Let's now turn to our second question: how can education optimally fulfill this role? Katarina Tomasevski structured the right to education along the 4 A’s approach, or four essential inter-related obligations for states when implementing the right to education. States have to make education available, accessible, acceptable and adaptable. Availability refers to the obligation to ensure that educational establishments are available to all school-aged children, with adequate infrastructure, trained teachers and teaching-learning facilities (so as to be functional and foster effective learning). Accessibility pertains to the obligation to ensure that all children are effectively acceding to and attending these learning institutions. In concrete terms, it means that the state must make primary education free of charge and compulsory, and remove geographical, physical, economic or cultural obstacles which prevent or affect children’s access to education. Acceptability refers to the relevance of education, its quality and ability to meet its goals, such as the promotion of a culture of nonviolence and peace. Adaptability calls on the educational system to be flexible, so as to respond to the specific learning needs of certain groups of learners, for instance children with disabilities.
Now, the reality is that generally, availability and accessibility are given the priority focus of attention. Millennium Development Goal two aiming at universal primary education is a case in point. So we need to mobilize attention, especially now as reflection on the post-MDGs framework is intensifying, on the acceptability of education if we want to further its fundamental role and promote a culture of nonviolence and peace.
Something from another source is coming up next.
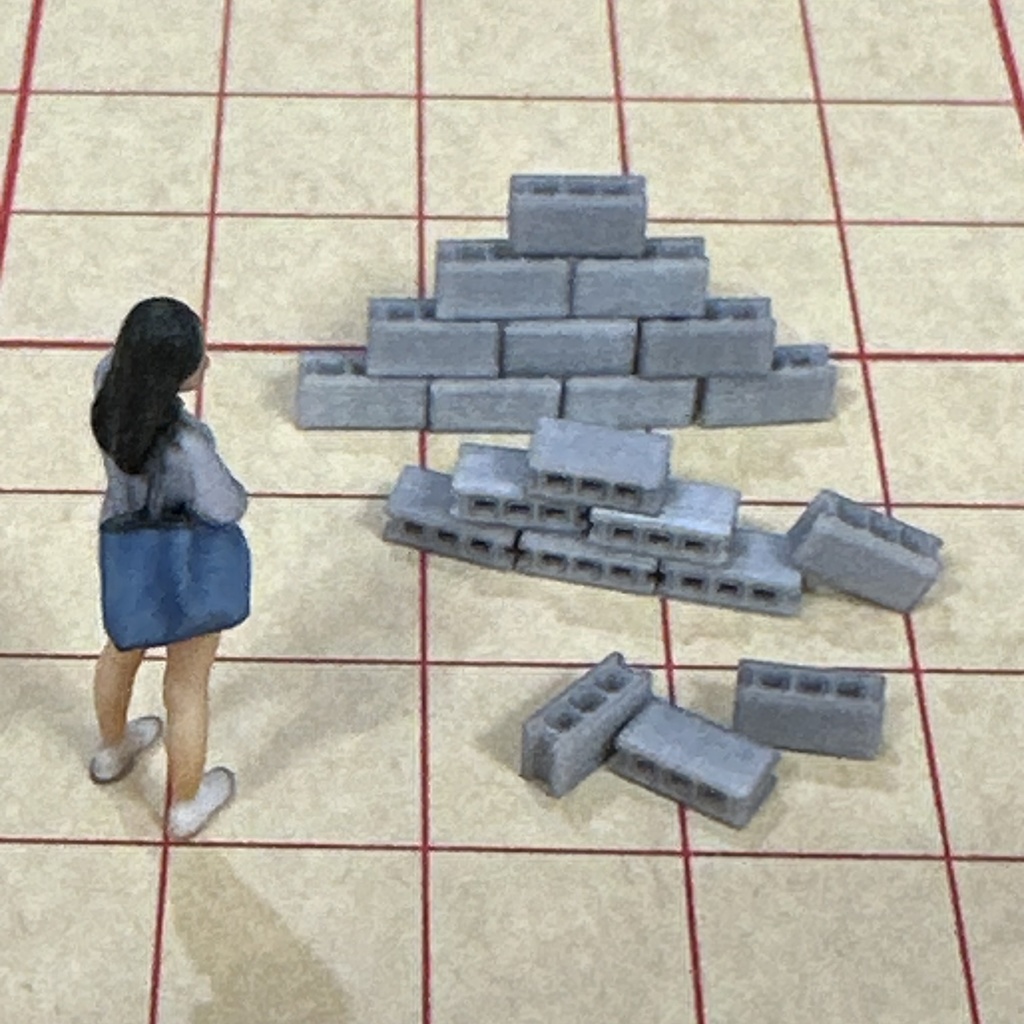 完成品 ミニチュア 1/64 コンクリートブロック20個 フィギュアに ジオラマに ミニカーに ミニチュアイメージ 住宅模型 建築模型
So, if within acceptability, we want to identify how education can optimally promote a culture of nonviolence and peace, we need to consider both the content and process of education. Content wise, the question is: does the (learning and teaching) curriculum incorporate nurturing human values, fostering respect for diversity and non-violence? Within a human rights framework, the emphasis is put on human rights education or transmission of human rights principles and philosophy, and now with the shaping of the right to peace on peace education. Process wise, the passing test is really whether the educational environment and process are a micro-cosmos of the culture of nonviolence and peace they should foster on a larger scale. Within a human rights analysis, priority focus is given to the following values: respect for the child's dignity, consideration of the child's views, freedom and participation in matters of personal concern. Corporal punishment for misconduct, absent-mindedness or even failure, will hence not transmit a culture of nonviolence and peace to learners. Learning by heart or "top down instruction" of which the child is a passive recipient without any say, does not reflect and transmit a culture of nonviolence and peace people either, in which people express their opinion and be respectful of different perspectives.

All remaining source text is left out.